Bilet almaya hazırlananlara kolaylık sağlamak amacıyla yazılan bu yazıda, yılın ödül kazanmış veya festivallerde sivrilmiş yapıtlarından söz edeceğiz.

Üç filmle programda yer alan İsrail sinemasının ağır topu, Amos Gitai’nin ‘Rabin’in Son Günü’. Berlin’in en önemli iki ödülünü kazanan  ‘Denizdeki Ateş’ ve ‘Saraybosna’da Ölüm’, Venedik’in, iki ödüllü filmi ‘Çete’ ve ‘Neon Boğa’, Cannes’ın Altın Kamera ödüllü Kolombiya filmi festival programında. ‘Hitchcock- Truffaut’  belgeseli gerçek bir sinema şöleni.

 

İlkbaharı müjdelemesiyle hayatımıza giren İstanbul Film Festivali, bu yıl 35. yaşını kutluyor.
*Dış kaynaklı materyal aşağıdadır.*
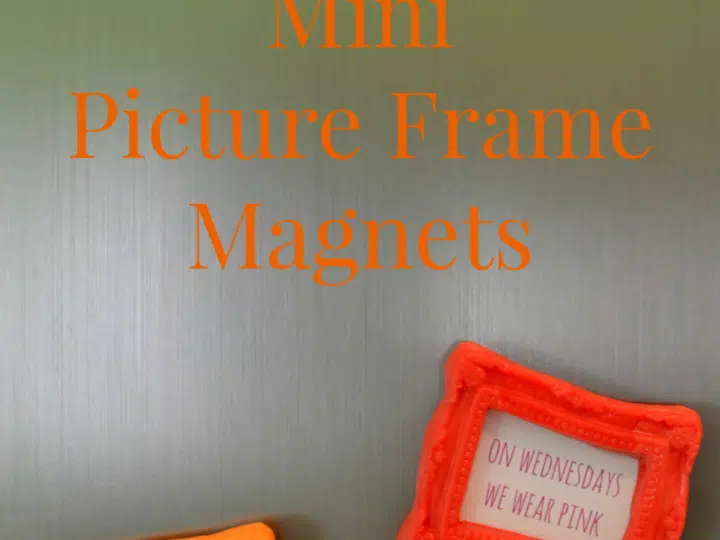 Starburst Mini Picture Frame Magnets #VIPFruitFlavors #collectivebias #shop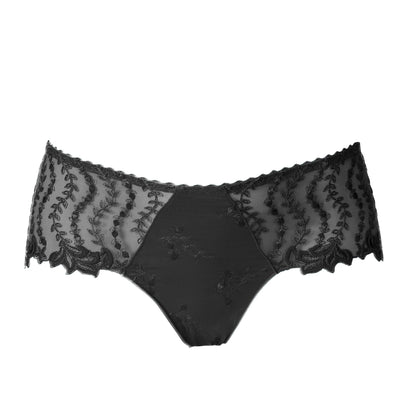 The signature shorty from the Lys Royal collection features delicate garlands of leaves along the sides and back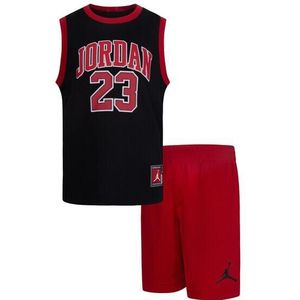 Jordan 23 - Set Kindersokken T-shirt en Muts - Iconische Kleuren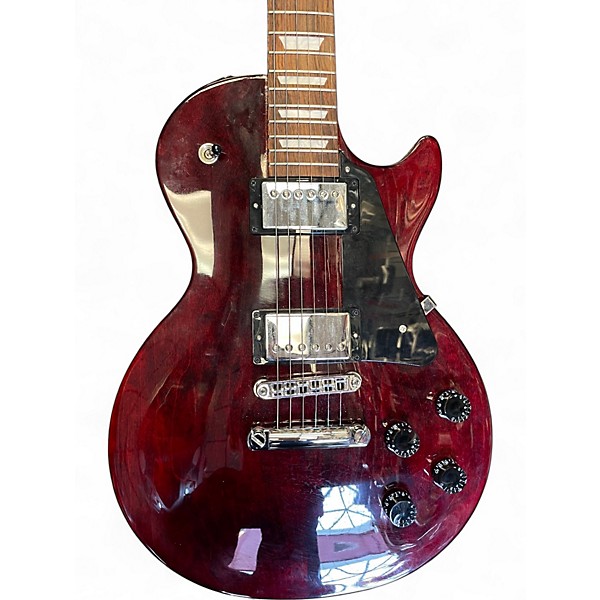 Used 2023 Gibson Les Paul Studio Wine Red Solid Body Electric Guitar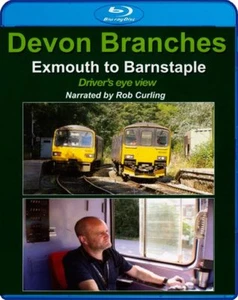 Devon Branches: Exmouth to Barnstaple - Driver's Eye View *Blu-ray - Imagen 1 de 1
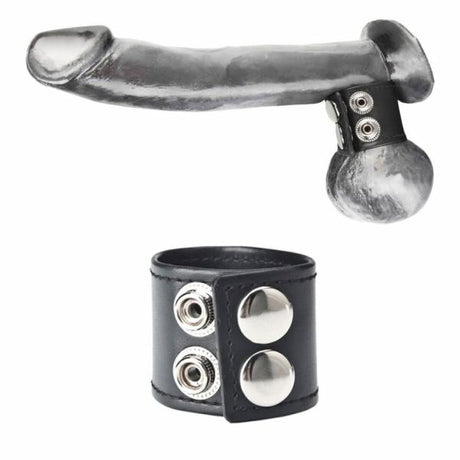 C & B Gear 1.5 Inches Snap Ball Stretcher Black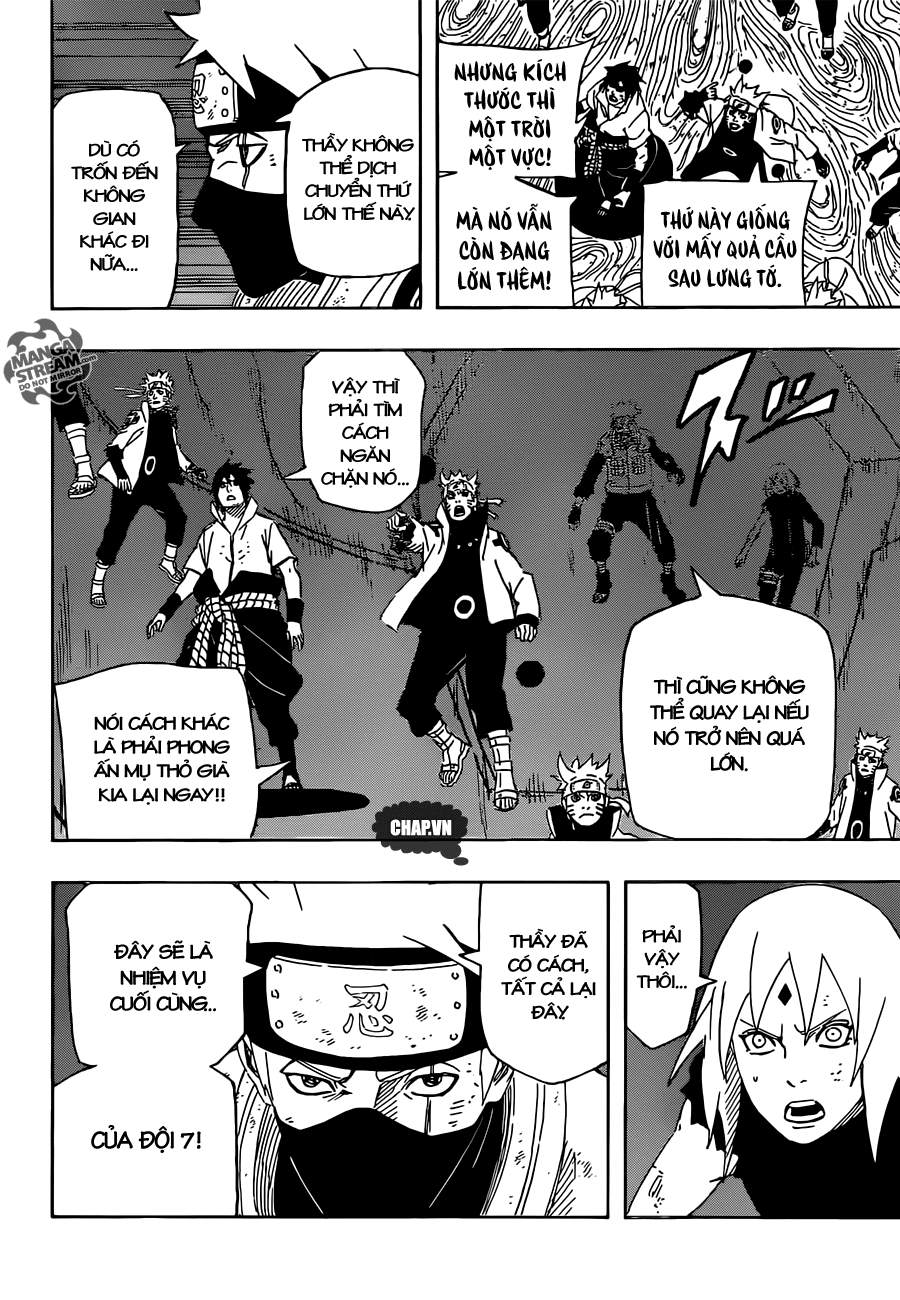 Naruto Chap 689 - Next Chap 690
Festival direktörü Azize Tan’dan görevi alan Kerem Ayan, önceki yıllarda 16 gün süren festivalin bu yıl (beş gün kısaltılarak) 11 gün süreceğini ilan etti. 20 bölümden oluşan 187 uzun metrajlı filmlik programı ile festival bu yıl 7-17 Nisan tarihleri arasında gerçekleşecek. Kerem Ayan’ın bu yıl getirdiği olumlu değişikliklerden biri, festival kataloğunun okunması daha kolay olan bir ebatta basılması. Üç yıldır festival izleyicilerinin dar uzun formatıyla okumakta zorlandıkları (330 sayfalık) katalog, bu yıl normal bir boyutta tasarlandı ve basıldı.

Kerem Ayan’ın olumlu müdahalelerinden biri de, tüm Biletix bayilerinin (komisyonsuz) bilet satışlarına dâhil edilmeleri. Arzu edenler, geçen yıllarda olduğu gibi, Atlas ve Reks sinemalarında kurulacak stantlardan, ön satışı yapılan biletleri satın alabilecekler. Festival biletleri 26 Nisan’dan beri satılıyor. Festival filmleri, Atlas, Fitaş (2 salon), Feriye, Reks, Beyoğlu, Akbank Sanat, İtalyan Kültür Merkezi, İstanbul Modern’de gösterilecek. Festivalin son iki gününde Maltepe ve Sultangazi’de 20 filmlik bir program var.

FESTİVALİN AĞIR TOPLARI

İKSV, Cannes Film Festivali’nin öne çıkan filmlerini Filmekimi’nde göstermişti. Şimdi Venedik ve özellikle Berlin’de ilgi çeken filmleri izleyeceğiz. 35. İstanbul Film Festivali, açılışını, Berlin’deki gibi Coen Kardeşlerin ‘Yüce Sezar’ı ile değil, yine aynı festivalde Altın Ayı Ödülü için yarışan, Jeff Nichols’un ‘Midnight Special’ ile yapacak. Bilimkurgu türündeki filmde Michael Shannon ile Kristen Dunst’ı izleyeceğiz.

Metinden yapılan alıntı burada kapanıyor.